Problem description ▸ Omitting all images, transcribe the listing word for word.

Given data ▸
========================================================================

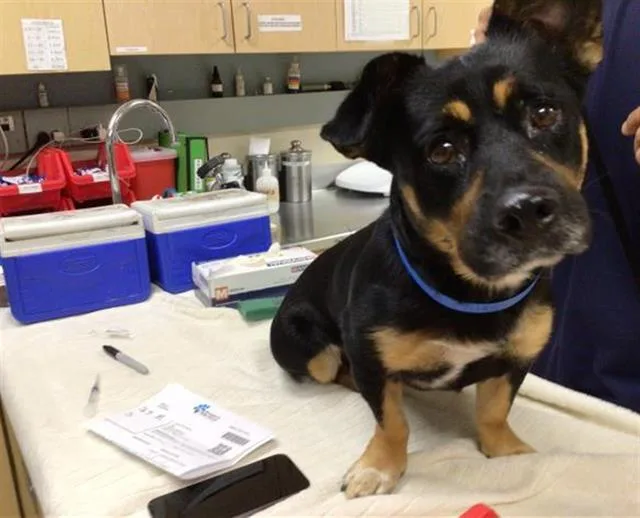 An adult medium-sized male Terrier dog named Max for adoption in Riverside, CA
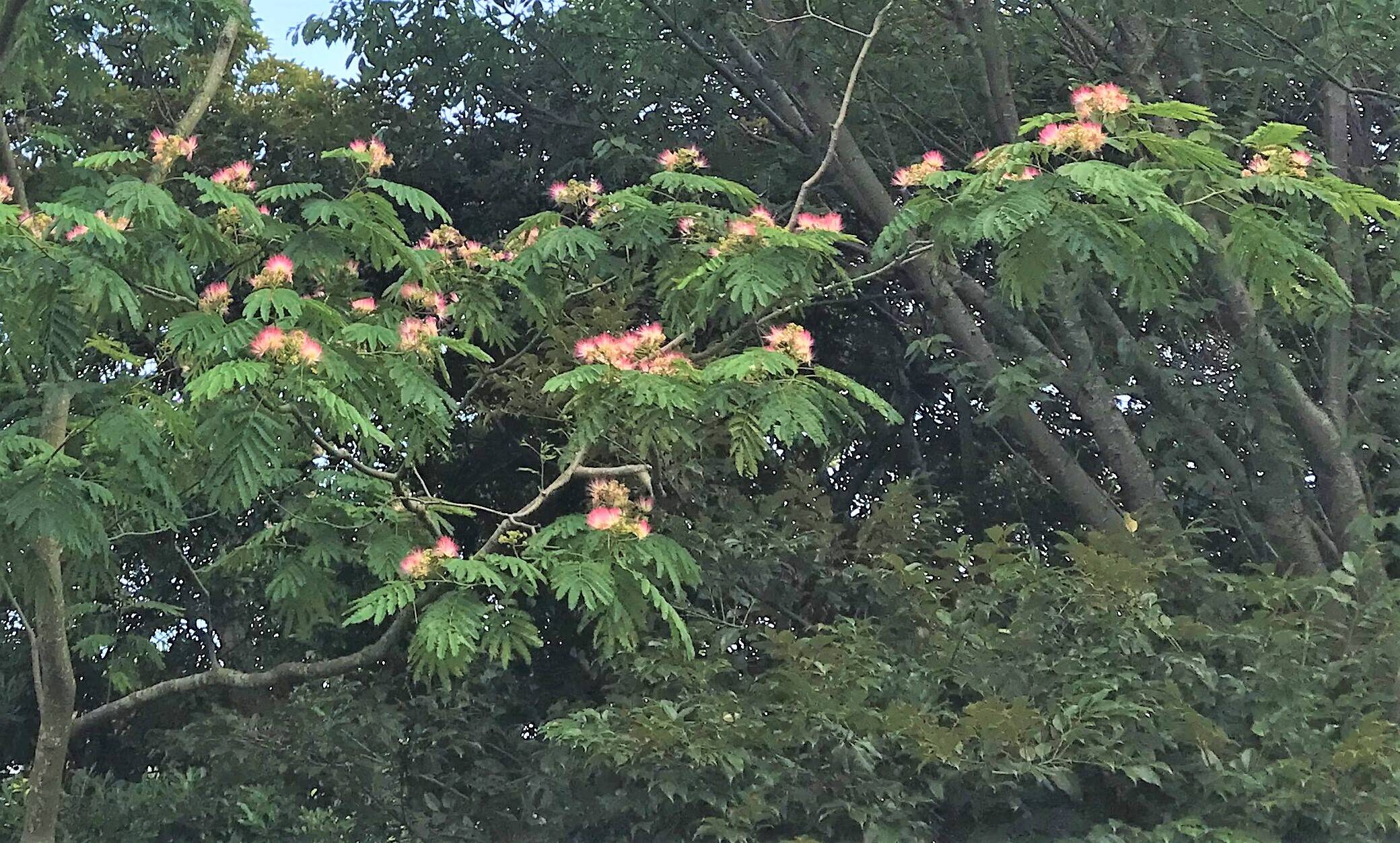 ネムノキの花の写真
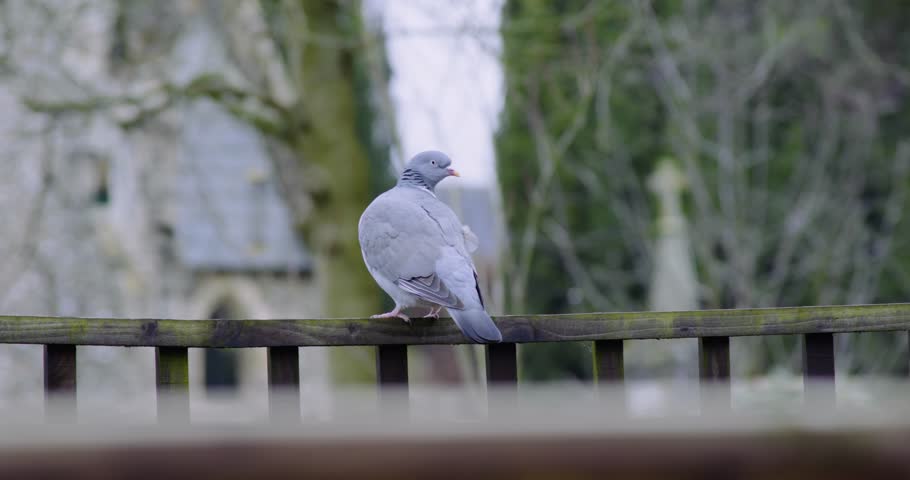 Close up shot of a wild gray blue pigeon bird sitting on a wooden boundary before flying off in Thetford cemetery in Thetford, Norfolk, UK at daytime.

========================================================================

Final answer ▸
 An adult medium-sized male Terrier dog named Max for adoption in Riverside, CA
 ネムノキの花の写真
 Close up shot of a wild gray blue pigeon bird sitting on a wooden boundary before flying off in Thetford cemetery in Thetford, Norfolk, UK at daytime.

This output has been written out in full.